The National Firearms Act (NFA)
The NFA was originally designed to make it difficult to obtain types of firearms perceived to be especially lethal or to be the chosen weapons of "gangsters," most notably machine guns and short-barreled long guns. This law also regulates firearms, other than pistols and revolvers, which can be concealed on a person (e.g., pen, cane, and belt buckle guns). It taxes all aspects of the manufacture and distribution of such weapons, and it compels the disclosure (through registration with the Attorney General) of the production and distribution system from manufacturer to buyer.
The Gun Control Act of 1968 (GCA)
As stated in the GCA, the purpose of federal firearms regulation is to assist federal, state, and local law enforcement in the ongoing effort to reduce crime and violence. In the same act, however, Congress also stated that the intent of the law is not to place any undue or unnecessary burdens on law-abiding citizens in regard to the lawful acquisition, possession, or use of firearms for hunting, trapshooting, target shooting, personal protection, or any other lawful activity.
The GCA, as amended, contains the principal federal restrictions on domestic commerce in small arms and ammunition. The statute requires all persons manufacturing, importing, or selling firearms as a business to be federally licensed; prohibits the interstate mail-order sale of all firearms; prohibits interstate sale of handguns generally and sets forth categories of persons to whom firearms or ammunition may not be sold, such as persons under a specified age or with criminal records; authorizes the Attorney General to prohibit the importation of non-sporting firearms; requires that dealers maintain records of all commercial gun sales; and establishes special penalties for the use of a firearm in the perpetration of a federal drug trafficking offense or crime of violence.

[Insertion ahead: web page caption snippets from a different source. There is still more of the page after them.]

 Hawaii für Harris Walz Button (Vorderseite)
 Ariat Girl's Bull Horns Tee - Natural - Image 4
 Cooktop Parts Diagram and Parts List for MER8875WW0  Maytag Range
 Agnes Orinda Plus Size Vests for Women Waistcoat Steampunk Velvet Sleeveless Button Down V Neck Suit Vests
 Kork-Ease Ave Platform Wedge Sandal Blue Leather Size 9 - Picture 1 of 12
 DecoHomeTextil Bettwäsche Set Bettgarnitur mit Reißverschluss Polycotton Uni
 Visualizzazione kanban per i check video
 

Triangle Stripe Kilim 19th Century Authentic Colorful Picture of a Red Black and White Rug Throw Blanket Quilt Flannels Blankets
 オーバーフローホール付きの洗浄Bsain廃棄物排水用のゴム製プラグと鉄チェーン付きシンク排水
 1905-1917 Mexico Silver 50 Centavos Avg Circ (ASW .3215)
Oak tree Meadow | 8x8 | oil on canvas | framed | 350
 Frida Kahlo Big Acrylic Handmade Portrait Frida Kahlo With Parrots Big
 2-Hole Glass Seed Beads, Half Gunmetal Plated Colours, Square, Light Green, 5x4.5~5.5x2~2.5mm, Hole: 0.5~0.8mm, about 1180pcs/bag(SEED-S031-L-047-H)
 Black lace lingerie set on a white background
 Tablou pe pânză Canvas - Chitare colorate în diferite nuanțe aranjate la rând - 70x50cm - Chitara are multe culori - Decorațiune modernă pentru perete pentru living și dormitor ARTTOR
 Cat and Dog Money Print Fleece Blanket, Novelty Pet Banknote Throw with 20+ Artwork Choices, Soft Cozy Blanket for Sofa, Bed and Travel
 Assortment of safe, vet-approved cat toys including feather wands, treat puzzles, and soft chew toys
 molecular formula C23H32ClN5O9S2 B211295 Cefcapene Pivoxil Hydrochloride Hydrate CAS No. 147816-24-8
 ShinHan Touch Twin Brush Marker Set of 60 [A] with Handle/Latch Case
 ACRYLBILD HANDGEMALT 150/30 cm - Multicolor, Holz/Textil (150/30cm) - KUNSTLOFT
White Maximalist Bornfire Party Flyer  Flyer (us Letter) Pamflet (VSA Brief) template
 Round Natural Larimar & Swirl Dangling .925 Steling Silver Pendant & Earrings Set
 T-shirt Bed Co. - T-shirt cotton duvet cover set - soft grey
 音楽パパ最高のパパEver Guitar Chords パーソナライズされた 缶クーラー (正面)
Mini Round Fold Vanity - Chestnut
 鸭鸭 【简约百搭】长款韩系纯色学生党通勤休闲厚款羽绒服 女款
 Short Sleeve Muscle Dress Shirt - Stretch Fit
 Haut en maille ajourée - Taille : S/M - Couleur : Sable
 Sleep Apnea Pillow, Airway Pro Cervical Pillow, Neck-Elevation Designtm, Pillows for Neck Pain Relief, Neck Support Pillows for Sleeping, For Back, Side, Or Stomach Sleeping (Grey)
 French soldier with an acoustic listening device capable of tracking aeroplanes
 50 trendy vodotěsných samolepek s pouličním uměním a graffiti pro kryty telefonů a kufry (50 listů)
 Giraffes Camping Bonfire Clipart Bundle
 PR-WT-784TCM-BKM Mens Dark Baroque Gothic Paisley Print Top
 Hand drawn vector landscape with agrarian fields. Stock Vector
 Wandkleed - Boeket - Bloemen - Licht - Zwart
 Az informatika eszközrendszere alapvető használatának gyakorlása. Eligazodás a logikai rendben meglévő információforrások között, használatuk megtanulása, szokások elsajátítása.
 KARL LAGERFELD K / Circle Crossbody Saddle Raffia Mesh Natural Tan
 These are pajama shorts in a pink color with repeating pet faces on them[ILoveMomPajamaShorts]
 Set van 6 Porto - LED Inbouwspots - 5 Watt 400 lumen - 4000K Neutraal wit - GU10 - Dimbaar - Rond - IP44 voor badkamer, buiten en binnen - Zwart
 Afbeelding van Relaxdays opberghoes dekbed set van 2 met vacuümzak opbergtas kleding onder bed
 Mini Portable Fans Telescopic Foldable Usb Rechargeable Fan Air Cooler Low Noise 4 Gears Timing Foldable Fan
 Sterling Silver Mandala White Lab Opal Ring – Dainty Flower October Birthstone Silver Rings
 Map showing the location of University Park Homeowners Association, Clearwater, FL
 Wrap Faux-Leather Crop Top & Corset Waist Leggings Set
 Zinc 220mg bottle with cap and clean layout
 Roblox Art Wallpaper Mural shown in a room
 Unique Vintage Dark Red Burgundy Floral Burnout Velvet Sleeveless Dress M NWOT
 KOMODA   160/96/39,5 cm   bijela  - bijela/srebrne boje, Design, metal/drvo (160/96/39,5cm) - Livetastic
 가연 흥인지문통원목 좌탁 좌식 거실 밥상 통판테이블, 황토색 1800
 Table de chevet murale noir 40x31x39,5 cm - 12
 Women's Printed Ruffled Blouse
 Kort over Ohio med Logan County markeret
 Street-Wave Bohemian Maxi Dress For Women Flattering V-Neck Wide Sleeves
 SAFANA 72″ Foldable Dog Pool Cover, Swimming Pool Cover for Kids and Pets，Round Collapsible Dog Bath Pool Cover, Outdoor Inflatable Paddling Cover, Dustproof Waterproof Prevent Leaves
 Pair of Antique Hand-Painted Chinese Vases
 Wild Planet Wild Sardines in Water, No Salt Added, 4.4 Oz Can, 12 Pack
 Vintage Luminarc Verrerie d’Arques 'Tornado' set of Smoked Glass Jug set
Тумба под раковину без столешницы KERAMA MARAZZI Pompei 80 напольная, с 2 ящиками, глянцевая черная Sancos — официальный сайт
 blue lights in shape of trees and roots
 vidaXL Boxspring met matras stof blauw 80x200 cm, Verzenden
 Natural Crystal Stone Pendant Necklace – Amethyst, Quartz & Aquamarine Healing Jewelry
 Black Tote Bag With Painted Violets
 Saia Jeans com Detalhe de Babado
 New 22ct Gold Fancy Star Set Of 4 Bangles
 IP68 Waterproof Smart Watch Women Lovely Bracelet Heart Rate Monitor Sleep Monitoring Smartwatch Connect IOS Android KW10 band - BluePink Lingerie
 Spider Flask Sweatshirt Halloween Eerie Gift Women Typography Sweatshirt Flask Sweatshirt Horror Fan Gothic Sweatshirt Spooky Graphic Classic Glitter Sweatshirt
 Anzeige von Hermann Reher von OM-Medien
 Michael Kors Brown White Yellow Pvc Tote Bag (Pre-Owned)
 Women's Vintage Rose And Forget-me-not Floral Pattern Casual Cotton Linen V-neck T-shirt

As amended by the Brady Handgun Violence Prevention Act, 1993 (P.L. 103-159), the GCA requires background checks be completed for all unlicensed persons seeking to obtain firearms from federal firearms licensees. Private transactions between persons "not engaged in the business" are not covered by the recordkeeping or the background check provisions of the GCA. These transactions and other matters such as possession, registration, and the issuance of licenses to firearms owners may be covered by state laws or local ordinances. For a listing of other major firearms and related statutes, see Appendix B.